INSTRUCTIONS FOR THE TASK
What follows is a listing; repeat exactly, and only, its lines from the one holding "PepperBall VKS Carbine" through the last, leaving any pictures out.

DATASET SECTION
<<<<

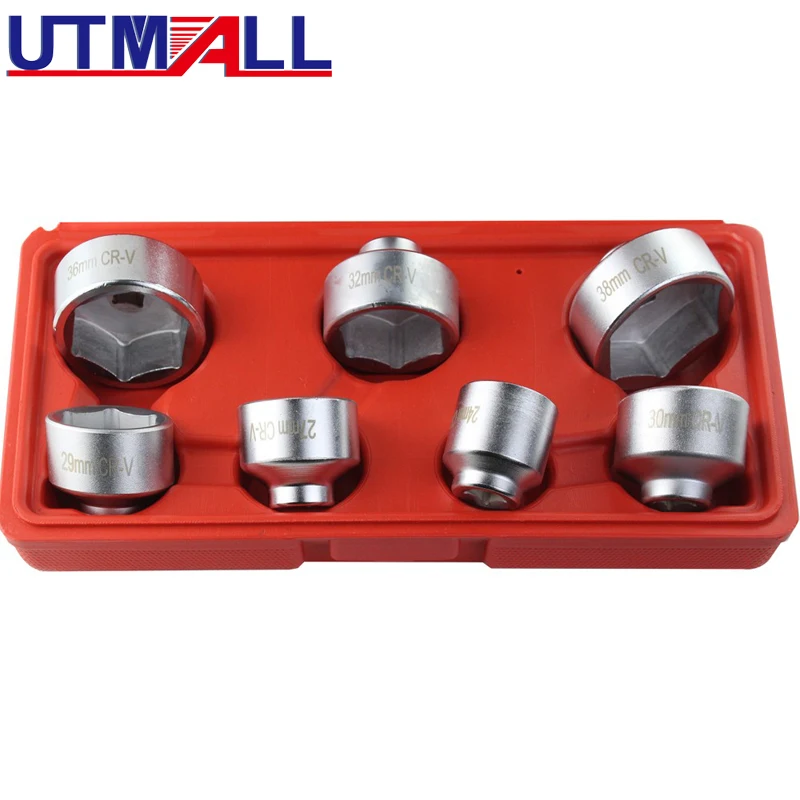 7PCS Oil Filter Cap Socket Wrench Tool Set For Benz BMW FORD 24mm 27mm 29mm 30mm 32mm 36mm 38mm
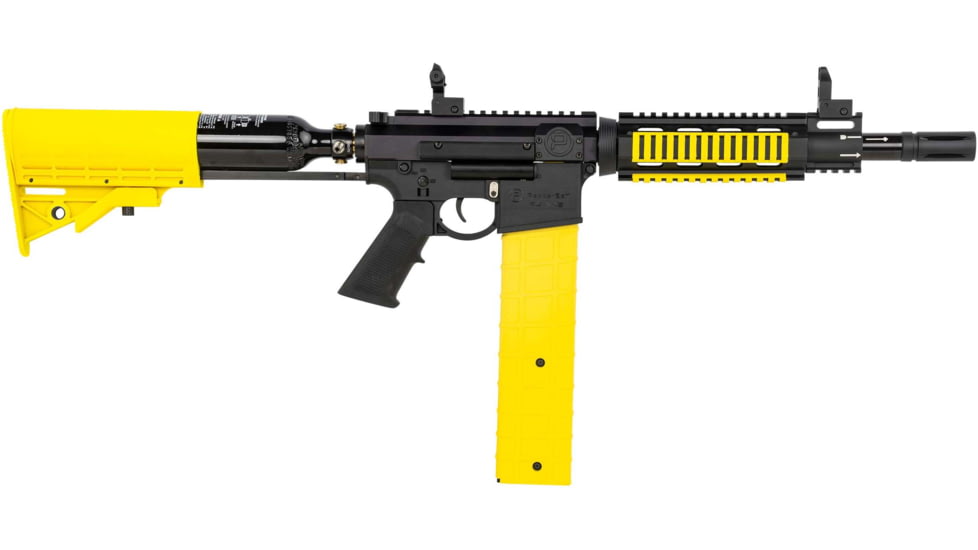 PepperBall VKS Carbine Pepperball Launcher, Semi-Auto Black Rec with Yellow Furniture, 150 ft Range, 743030002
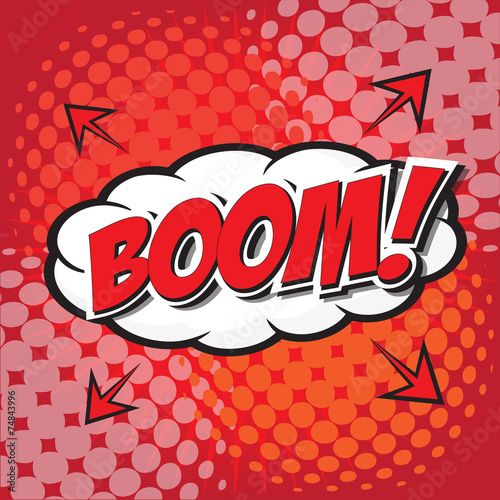 BOOM! wording sound effect set design for comic background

>>>>

WRITTEN REPLY
 PepperBall VKS Carbine Pepperball Launcher, Semi-Auto Black Rec with Yellow Furniture, 150 ft Range, 743030002
 BOOM! wording sound effect set design for comic background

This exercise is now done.